A
mão velha e cansada tecla o moderno, mas modesto, telefone sem fio e o leva
tremendo para o ouvido. Ouve cinco toques com a sua audição já abatida pelos
seus 78 anos. Antes do sexto, uma voz jovem e feminina atende.
—
Alô?!
—
Alô. É o celular do Miguel Souza? Pergunta, com a voz igualmente trêmula e
cansada.
—
Aqui é o escritor Rodolfo Oliva. Ele me pediu uma oportunidade há algum tempo e
estou ligando para oferecê-la.
—
Bem, ele está aqui perto, vou chamá-lo. Disse, prestativa, a bela e jovem moça.
—
Você é irmã dele?
—
Não. Sou a assessora de imprensa. Um momento, vou passar para ele. Diz, antes
de comunicar o autor da ligação e passar o celular para um homem forte,
aparentando uns quarenta anos, cabelos grisalhos, que recebe gentilmente o
aparelho e atende:
—
Miguel Souza falando.
—
Miguel, aqui é o Rodolfo Oliva, lembra de mim? Você esteve na minha casa.
—
Lembro, mas esse Rodolfo Oliva não morreu? Estou até estranhando a sua ligação.
—
Essa imprensa é fogo! Não sabe informar
direito. Tive realmente um enfarte, mas já saíram logo noticiando a minha
morte.
—
Assim que eu soube da sua falsa morte, briguei com o meu pai e saí de casa. No
caminho fui atropelado e prensado. Sobrevivi por milagre. Passei um mês em
coma.
—
Bem, eu te liguei para te apresentar a um amigo meu que quer ler os seus
contos.
—
Pô, eu gostaria muito. Mas agora, me desculpa, eu não preciso mais. Já sou um
escritor famoso.
—
Escritor famoso??? Quem diria! Parabéns! Como você conseguiu?
—
Eu chamei a atenção dos jornalistas por ter sobrevivido diante da gravidade do
acidente. Depois, eu escrevi um relato sobre a minha dura recuperação. Ainda
assim, fiquei com seqüelas. Estou andando de cadeira de rodas. Publiquei o
livro, ele foi bem vendido e fiquei famoso. Com a fama, aproveitei para lançar
meus contos, que também fizeram sucesso. Mas, desculpa perguntar: como não
ficou sabendo do meu caso, se estava tão animado a me ajudar? Por que só veio
me procurar quinze anos depois?
—
Ah, meu filho! É uma longa história. Depois do infarto entrei em depressão.

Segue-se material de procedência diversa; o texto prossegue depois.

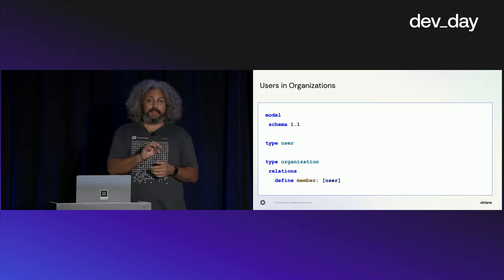Here we have a set of tests. Think of these as your unit tests for the model to gain confidence that the model is functioning as you expect, because this is authorization - it's kind of important. You don't want to make mistakes. Here we're saying when we run a check, we expect Ann to be a member of the organization and for FGA to return true. Beth is not a member of the organization and we expect this to return false.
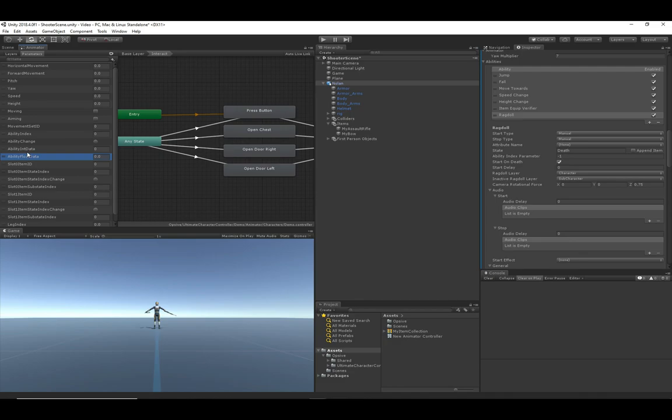The demo scene has four different types of interactions, which is why there are four different states. Ability float data is very similar to ability int data — it's just used in whatever way the ability sees fit. The fall ability uses it to determine the velocity of the fall.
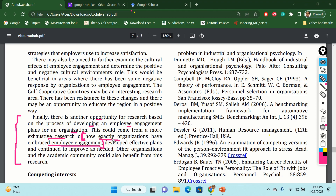For example, it says: how exactly organizations have embraced employee engagement, developed effective plans, and continue to improve as needed. So basically, if you are looking for a research question or research idea, you can easily take this research question and idea, and use the same methodology this paper is using — or a slightly different methodology — in your own organization or in your own country's perspective. That would be a very interesting, smart, and easiest way to find a specific research question with a specific goal, a specific methodology, and a specific objective.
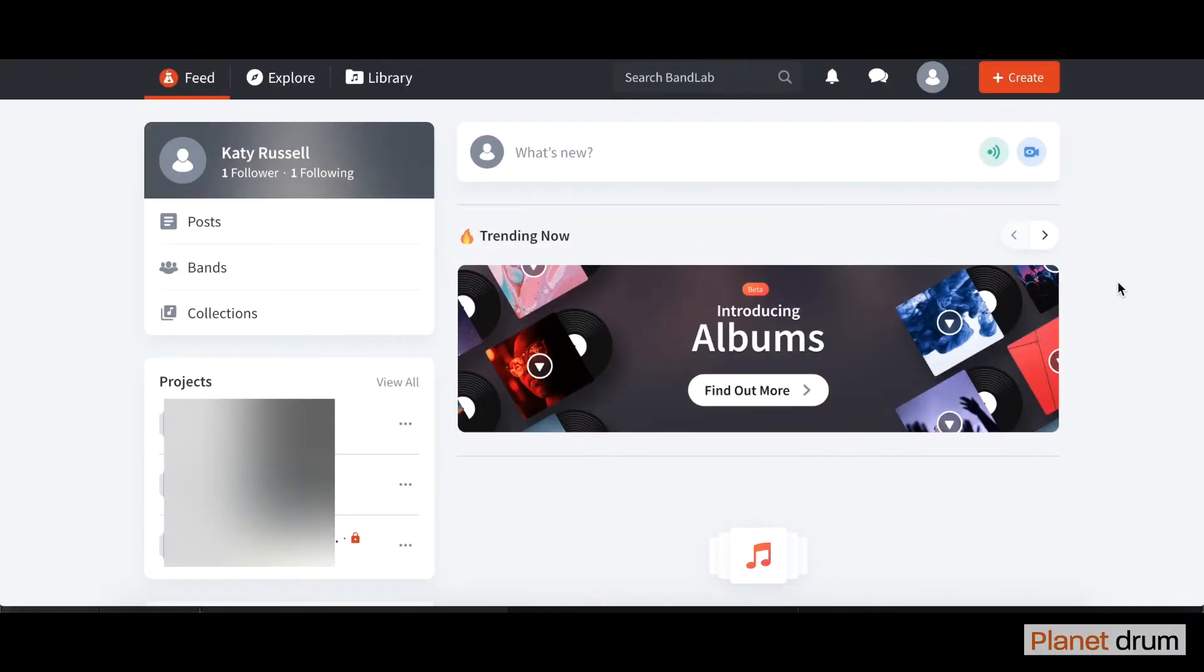First of all, when you create your account and sign up, you will be shown to this page here. What I'm going to do now is show you how to create your project.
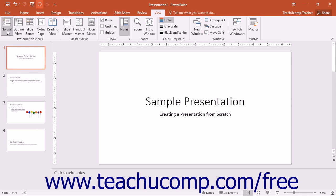When you create a new presentation in PowerPoint, the new presentation will display in Normal view.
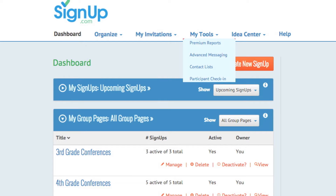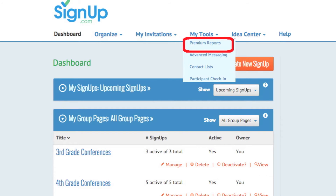In the My Tools tab here, the Advanced Messaging option lets you send an invitation, message, or thank you note to participants associated with all activities posted on the group page at one time.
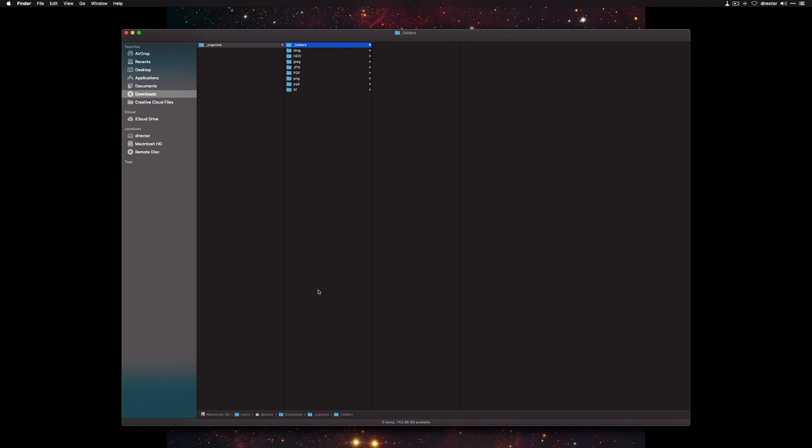One other thing: if you drop a folder into the Organize folder, it won't sort it. So what I usually do is I create a folder called Underscore Folders, and I'll put all of the folders in there until I have time to go back and sort it out.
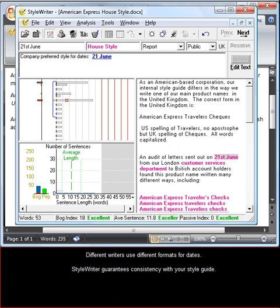Different writers use different formats for dates. StyleWriter can guarantee consistency with your style guide.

Minha vida se desmoronou toda. Fiquei recluso. Parei de ler jornais. Fiquei
preocupado só comigo. Agora já estou melhor. Fiz novas amizades, inclusive com
esse amigo editor que eu ia te apresentar, mas agora não precisa mais, né?
Sorri envergonhado, o velho quase octogenário.
—
Pois é! O seu contato veio tarde demais, mas tudo bem. Tá perdoado. Agora sou
eu que quero te ajudar. Afinal, de uma forma ou de outra, você mudou minha
vida. Passa aqui pra gente tomar um café. Eu vou dar o endereço do meu
escritório, anota aí.
Depois
de anotar o endereço com muita dificuldade por causa do Mal de Parkinson que se
manifestou, Rodolfo diz:
—
Pode deixar. Aí a gente aproveita para fazer uma parceria, já que não precisa
mais da minha ajuda.
—
Com certeza. Mas sua ajuda será sempre bem-vinda. Bom, preciso desligar, que eu
vou viajar agora para a Feira Internacional do Livro em Berlim.
—
Ok, boa viagem. E parabéns pelo sucesso.
Depois
de desligar o telefone sem fio, o velho Rodolfo Oliva se levanta esperançoso
com a parceria com o seu antigo fã, que poderá lhe trazer a volta de sua fama.
Depois do enfarte, da depressão e do Mal de Parkinson, o outrora famoso
escritor ficou esquecido pela mídia que o idolatrava.
Ele
sabia, sim, que Miguel ficara famoso. Mas a história do editor amigo e da
recuperação da depressão era mentira. Por isso, agora era ele quem estava,
indiretamente, lhe pedindo uma ajuda. A decisão de procurá-lo partiu tarde
demais. Rodolfo não acordou no dia seguinte.